At the same time, the PBOC started to enforce the latest UN sanctions on North Korea.

The European session was less stressful in that the French business sentiment was better than the New Zealand version.

That the German auction was better than last time and that the markets didn’t fall out of bed, but for the  euro (EUR/USD) which managed to break the 55-day moving average and trade through 1.1800 – something that helps equities, leaves bonds flat and makes many wonder if Merkel won the election or is losing the coalition.

Brexit talks seem to be another talking point overnight as the British pound (GBP/EUR) is weaker but not in lockstep – making it clear that many are less warm to Europe exceptionalism. This leaves the oil market as the last big mover and potential reversal for today as Brent rallied 4% Monday on threats of Turkey shutting off Kurdish/Iraqi oil if they vote for independence – with the counting on-going after heavy voter turnout yesterday – preliminary results due later today. Turnout was 72 percent, with 3.3 million of 4.58 million registered voters taking part, the election commission said.

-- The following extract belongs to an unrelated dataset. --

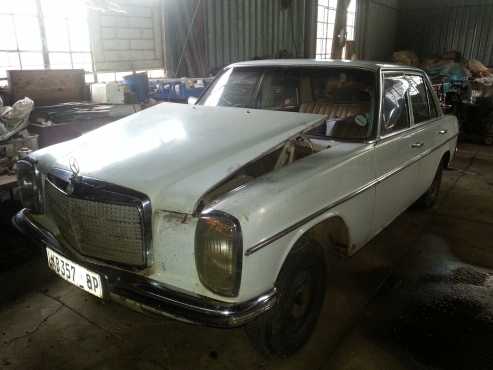 Mercedes 215 Series spares and body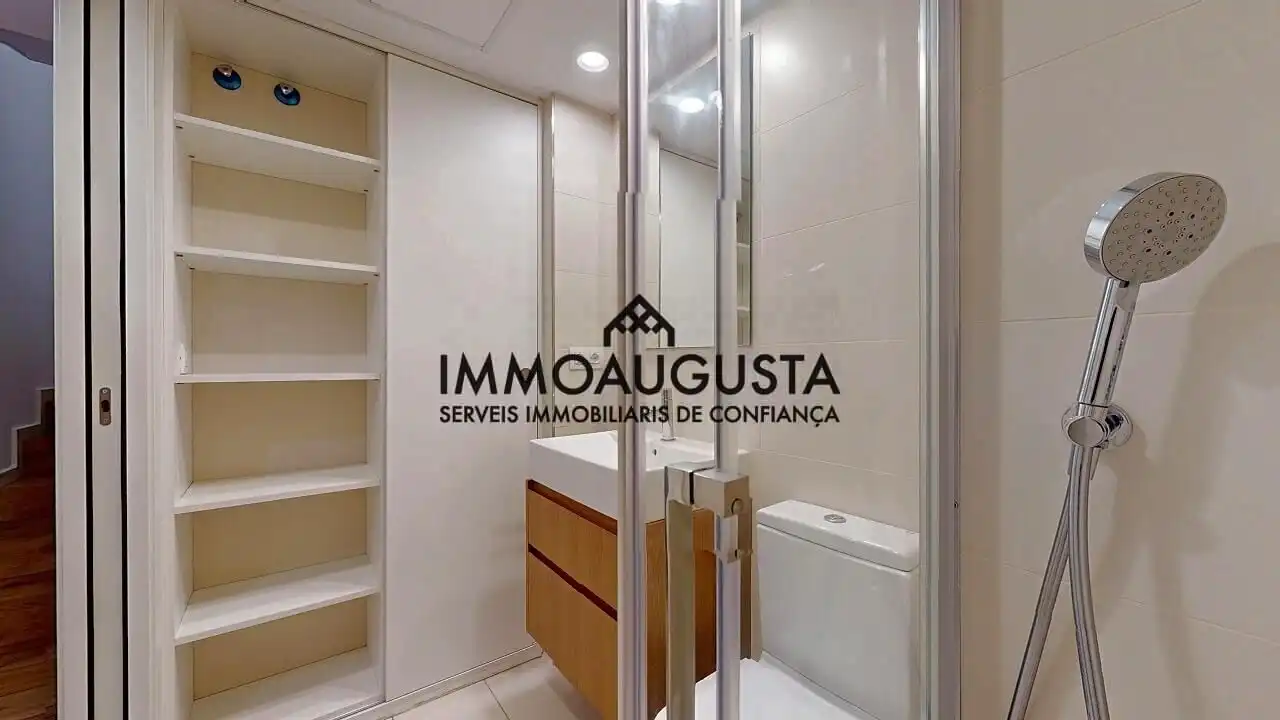 Dormitori de Dúplex de lloguer en Barcelona amb Aire condicionat, Calefacció i Parquet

What seems most important is that the spike up in oil hasn’t translated into a weaker USD or to gains in EM but rather left the markets more anxious.

EM flows have been choppy with China and Taiwan standing out as the least crowded of the lot. Oil may be a better guide today to risk jitters after the elections yesterday and ahead of the Fed speak-a-thon today with many banking on Yellen comments to stir up further bond selling.

The USD is bid but not yet breaking back into a safe-zone while oil prices may be setting up for a larger pullback to test the buying over the last 2 weeks.